Adjacency and Degree

The adjacency and degree functionalities that apply to simple graphs (see Adjacency and Degree) similarly apply to multigraphs.

Contents

Adjacency and Degree Functions for Mul-tigraphs

Degree(u) : GrphVert -> RngIntElt
Given a vertex u of a graph G, return the degree of u, ie the number of edges incident to u.
Alldeg(G, n) : GrphMultUnd, RngIntElt -> { GrphVert }
Given a multigraph G, and a non-negative integer n, return the set of all vertices of G that have degree equal to n.
MaximumDegree(G) : GrphMultUnd -> RngIntElt, GrphVert
Maxdeg(G) : GrphMultUnd -> RngIntElt, GrphVert
The maximum of the degrees of the vertices of the multigraph G. This function returns two values: the maximum degree, and a vertex of G having that degree.
MinimumDegree(G) : GrphMultUnd -> RngIntElt, GrphVert
Mindeg(G) : GrphMultUnd -> RngIntElt, GrphVert
The minimum of the degrees of the vertices of the multigraph G. This function returns two values: the minimum degree, and a vertex of G having that degree.
DegreeSequence(G) : GrphMultUnd -> [ { GrphVert } ]
Given a multigraph G such that the maximum degree of any vertex of G is r, return a sequence D of length r + 1, such that D[i], 1 ≤i ≤r + 1, is the number of vertices in G having degree i - 1.
Neighbours(u) : GrphVert -> { GrphVert }
Neighbors(u) : GrphVert -> { GrphVert }
Given a vertex u of a graph G, return the set of vertices of G that are adjacent to u.
IncidentEdges(u) : GrphVert -> { GrphEdge }
Given a vertex u of a graph G, return the set of all edges incident with the vertex u.

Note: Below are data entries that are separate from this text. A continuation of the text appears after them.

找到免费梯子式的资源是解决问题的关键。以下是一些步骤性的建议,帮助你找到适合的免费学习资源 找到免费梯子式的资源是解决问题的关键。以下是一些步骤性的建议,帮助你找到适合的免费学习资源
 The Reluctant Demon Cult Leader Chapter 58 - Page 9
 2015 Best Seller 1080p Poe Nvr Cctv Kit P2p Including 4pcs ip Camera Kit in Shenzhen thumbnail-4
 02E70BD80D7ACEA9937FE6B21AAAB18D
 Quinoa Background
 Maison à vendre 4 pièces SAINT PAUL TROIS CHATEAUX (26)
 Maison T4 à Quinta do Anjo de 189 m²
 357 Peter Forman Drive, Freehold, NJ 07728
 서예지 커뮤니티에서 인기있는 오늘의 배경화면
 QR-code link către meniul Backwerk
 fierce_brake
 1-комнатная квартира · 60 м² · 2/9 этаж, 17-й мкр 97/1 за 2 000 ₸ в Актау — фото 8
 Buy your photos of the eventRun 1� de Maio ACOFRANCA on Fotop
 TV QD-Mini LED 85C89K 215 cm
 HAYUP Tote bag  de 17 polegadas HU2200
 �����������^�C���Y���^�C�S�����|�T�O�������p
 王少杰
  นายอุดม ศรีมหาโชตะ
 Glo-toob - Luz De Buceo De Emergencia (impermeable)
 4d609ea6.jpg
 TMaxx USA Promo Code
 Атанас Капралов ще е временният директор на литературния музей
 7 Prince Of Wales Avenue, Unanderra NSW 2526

Adjacency and Degree Functions for Multidigraphs

InDegree(u) : GrphVert -> RngIntElt
The number of edges directed into the vertex u belonging to a multidigraph.
OutDegree(u) : GrphVert -> RngIntElt
The number of edges of the form [u, v] where u is a vertex belonging to a multidigraph.
MaximumInDegree(G) : GrphMultDir -> RngIntElt, GrphVert
Maxindeg(G) : GrphMultDir -> RngIntElt, GrphVert
The maximum indegree of the vertices of the multidigraph G. This function returns two values: the maximum indegree, and the first vertex of G having that degree.
MinimumInDegree(G) : GrphMultDir -> RngIntElt, GrphVert
Minindeg(G)) : GrphMultDir -> RngIntElt, GrphVert
The minimum indegree of the vertices of the multidigraph G. This function returns two values: the minimum indegree, and the first vertex of G having that degree.
MaximumOutDegree(G) : GrphMultDir -> RngIntElt, GrphVert
Maxoutdeg(G) : GrphMultDir -> RngIntElt, GrphVert
The maximum outdegree of the vertices of the multidigraph G. This function returns two values: the maximum outdegree, and the first vertex of G having that degree.
MinimumOutDegree(G) : GrphMultDir -> RngIntElt, GrphVert
Minoutdeg(G) : GrphMultDir -> RngIntElt, GrphVert
The minimum outdegree of the vertices of the multidigraph G. This function returns two values: the minimum outdegree, and the first vertex of G having that degree.
Degree(u) : GrphVert -> RngIntElt
Given a vertex u belonging to the multidigraph G, return the total degree of u, i.e. the sum of the in--degree and out--degree for u.
MaximumDegree(G) : GrphMultDir -> RngIntElt, GrphVert
Maxdeg(G) : GrphMultDir -> RngIntElt, GrphVert
The maximum total degree of the vertices of the multidigraph G. This function returns two values: the maximum total degree, and the first vertex of G having that degree.
MinimumDegree(G) : GrphMultDir -> RngIntElt, GrphVert
Mindeg(G) : GrphMultDir -> RngIntElt, GrphVert
The minimum total degree of the vertices of the multidigraph G. This function returns two values: the minimum total degree, and the first vertex of G having that degree.
Alldeg(G, n) : GrphMultDir, RngIntElt -> { GrphVert }
Given a multidigraph G, and a non--negative integer n, return the set of all vertices of G that have total degree equal to n.
DegreeSequence(G) : GrphMultDir -> [ GrphVert ]
Given a multidigraph G such that the maximum degree of any vertex of G is r, return a sequence D of length r + 1, such that D[i], 1 ≤i ≤r + 1, is the number of vertices in G having degree i - 1.
InNeighbours(u) : GrphVert -> { GrphVert }
InNeighbors(u) : GrphVert -> { GrphVert }
Given a vertex u of a multidigraph G, return the set containing all vertices v such that [v, u] is an edge in G, i.e. the initial vertex of all edges that are directed into the vertex u.
OutNeighbours(u) : GrphVert -> { GrphVert }
OutNeighbors(u) : GrphVert -> { GrphVert }
Given a vertex u of the multidigraph G, return the set of vertices v of G such that [u, v] is an edge in G, i.e. the set of vertices v that are terminal vertices of edges directed from u to v.
IncidentEdges(u) : GrphVert -> { GrphEdge }
Given a vertex u of a graph G, return the set of all edges incident with the vertex u, that is, the set of all edges incident into u and incident from u.
V2.28, 13 July 2023